▶ What you have to do
Reproduce exactly, and only, the lines of the material below running from the line bearing "Men's poly/cotton blend polo Khaki" through the line bearing "Large Rainbow Fluorite". Leave any pictures out.

▶ Data to examine
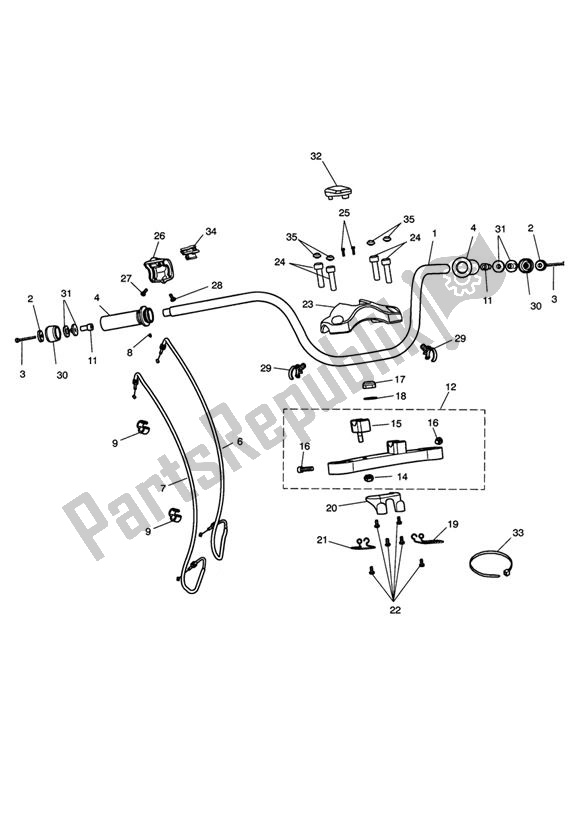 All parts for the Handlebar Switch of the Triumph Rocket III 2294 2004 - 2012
==
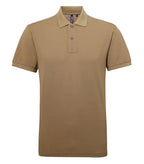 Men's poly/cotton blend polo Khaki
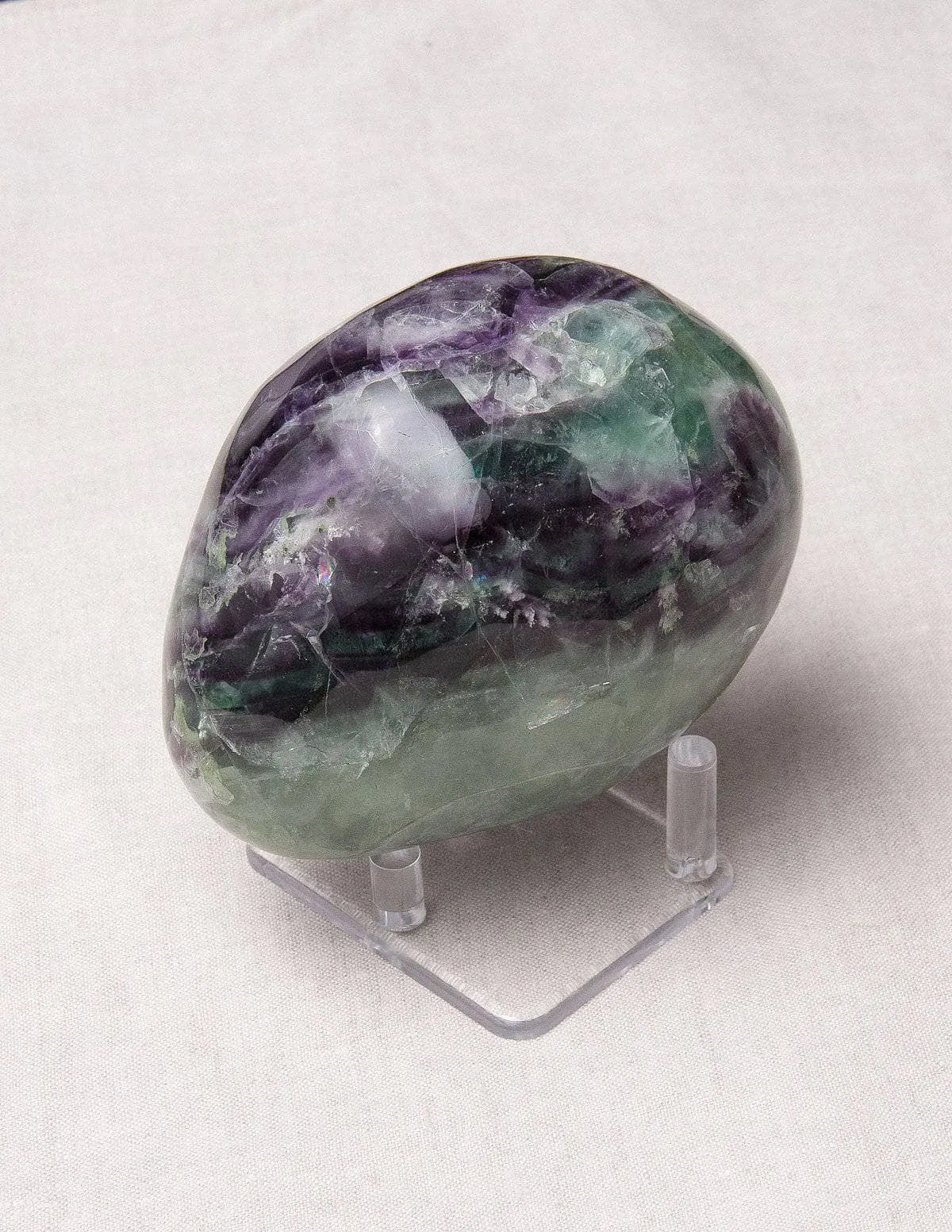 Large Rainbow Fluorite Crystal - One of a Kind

▶ Task solution
 Men's poly/cotton blend polo Khaki
 Large Rainbow Fluorite Crystal - One of a Kind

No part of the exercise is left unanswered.